**ACTIVITY**
Among the entries below, copy only the span from the line containing "Máy trạm Dell" through the line containing "2pcs Motorcycle Hand". Do so exactly, and skip the pictures.

**RECORDS FOR THE EXERCISE**
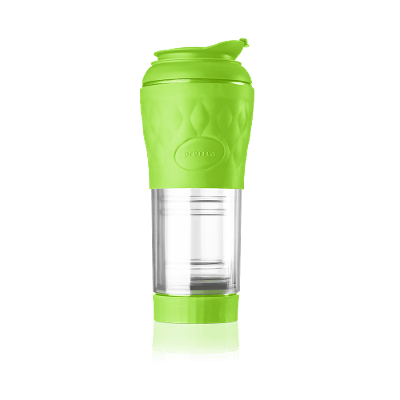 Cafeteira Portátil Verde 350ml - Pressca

---

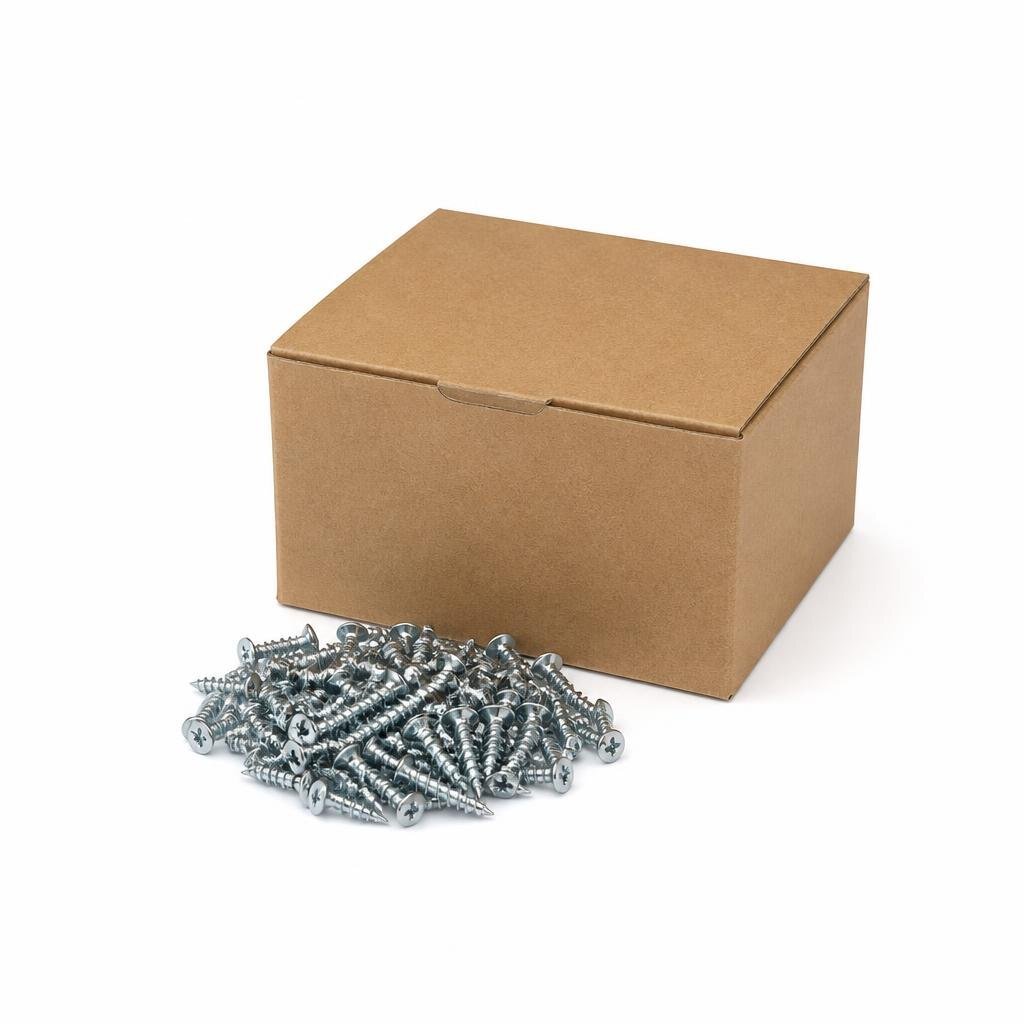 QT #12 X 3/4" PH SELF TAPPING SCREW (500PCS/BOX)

--

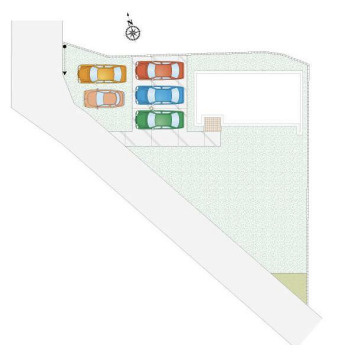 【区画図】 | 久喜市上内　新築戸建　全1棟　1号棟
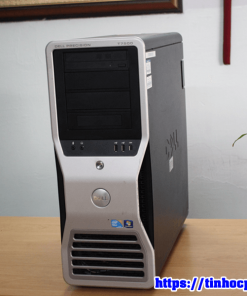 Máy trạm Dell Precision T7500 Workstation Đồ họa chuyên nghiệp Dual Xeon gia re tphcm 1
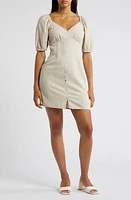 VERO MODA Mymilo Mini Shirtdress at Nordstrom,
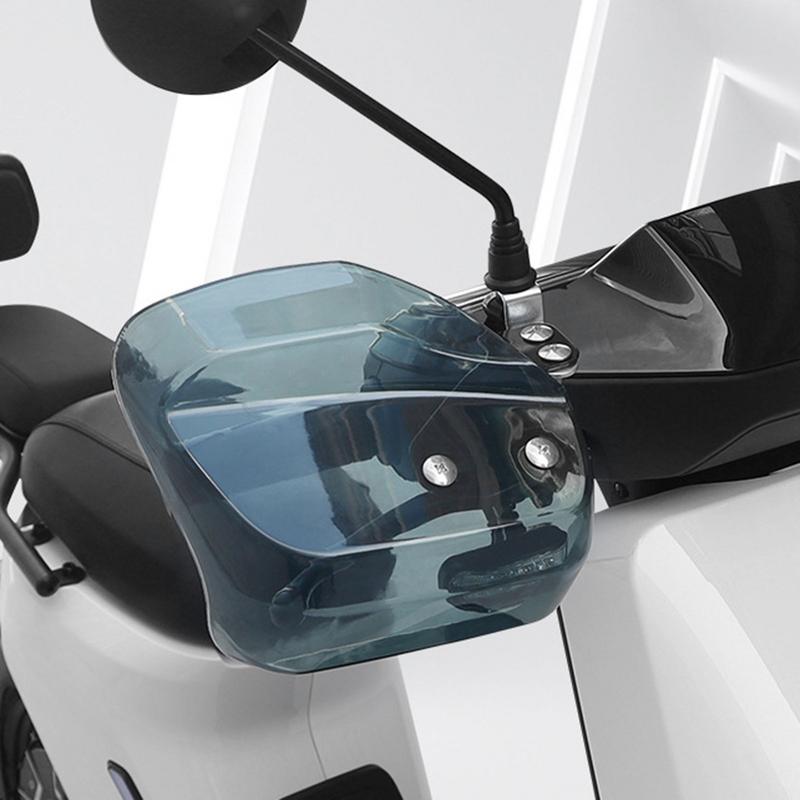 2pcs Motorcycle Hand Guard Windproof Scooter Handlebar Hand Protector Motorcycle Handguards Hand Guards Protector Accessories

**SOLUTION BELOW**
 Máy trạm Dell Precision T7500 Workstation Đồ họa chuyên nghiệp Dual Xeon gia re tphcm 1
 VERO MODA Mymilo Mini Shirtdress at Nordstrom,
 2pcs Motorcycle Hand Guard Windproof Scooter Handlebar Hand Protector Motorcycle Handguards Hand Guards Protector Accessories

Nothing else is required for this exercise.